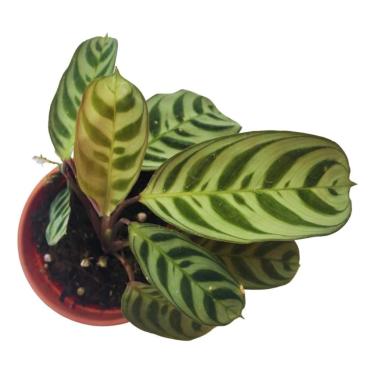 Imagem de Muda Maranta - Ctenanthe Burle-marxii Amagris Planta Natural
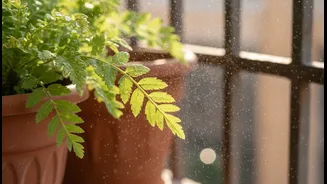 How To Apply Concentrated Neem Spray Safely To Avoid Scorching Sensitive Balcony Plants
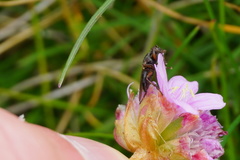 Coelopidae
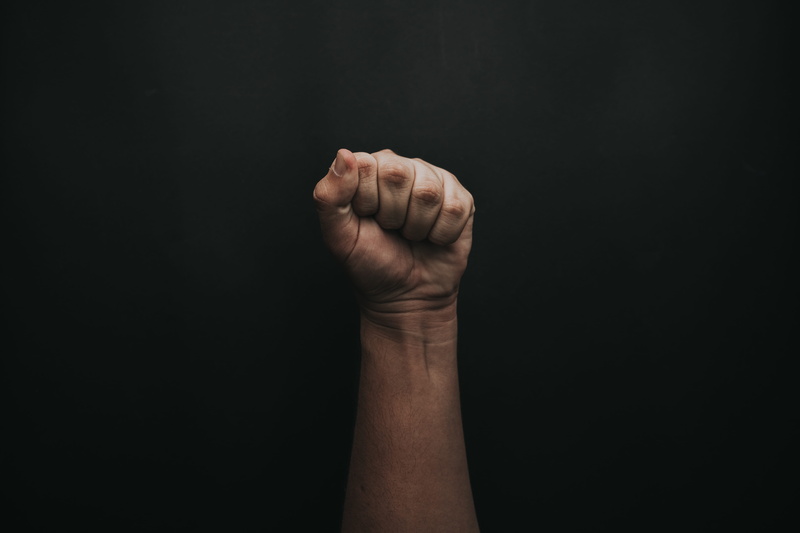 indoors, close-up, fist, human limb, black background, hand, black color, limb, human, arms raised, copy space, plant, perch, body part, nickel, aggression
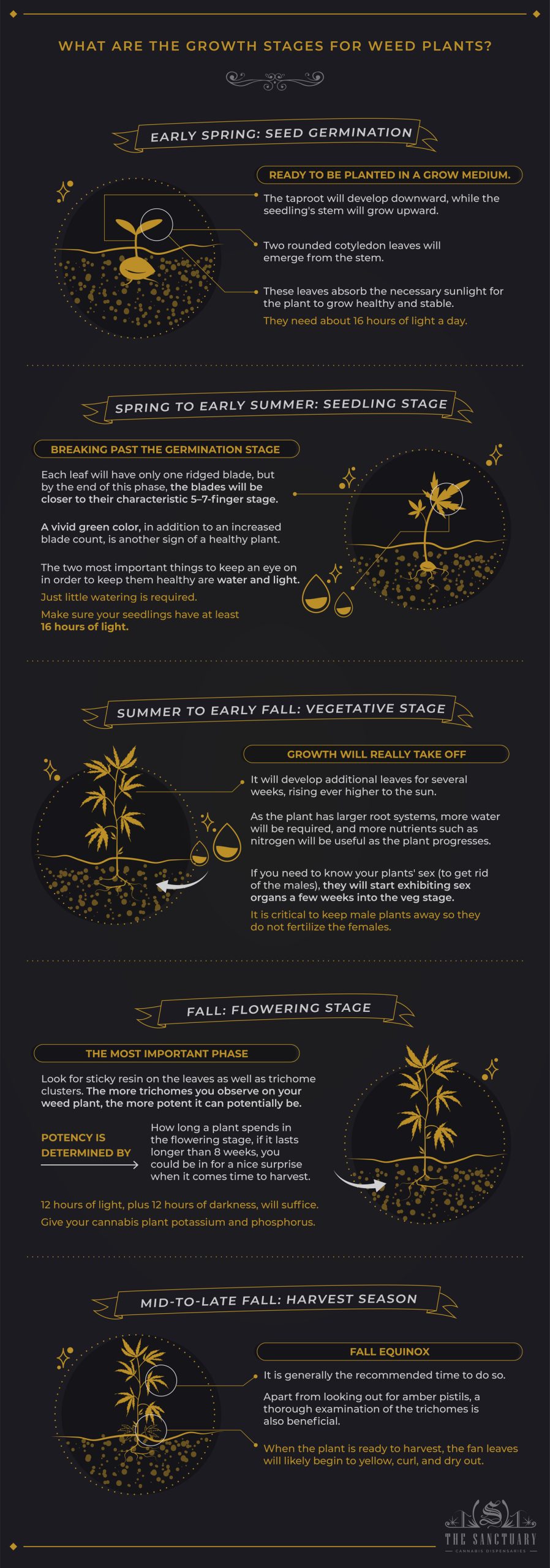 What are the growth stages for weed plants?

=====

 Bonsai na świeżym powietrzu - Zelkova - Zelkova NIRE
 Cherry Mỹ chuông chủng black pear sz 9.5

=====

### WORK INSTRUCTIONS
What is needed is an exact copy of the lines above, from the one holding "Imagem de Muda" down to the one holding "What are the growth stages for weed plants?", with those two included and the pictures left out.

### OUTPUT FOR THIS EXERCISE
 Imagem de Muda Maranta - Ctenanthe Burle-marxii Amagris Planta Natural
 How To Apply Concentrated Neem Spray Safely To Avoid Scorching Sensitive Balcony Plants
 Coelopidae
 indoors, close-up, fist, human limb, black background, hand, black color, limb, human, arms raised, copy space, plant, perch, body part, nickel, aggression
 What are the growth stages for weed plants?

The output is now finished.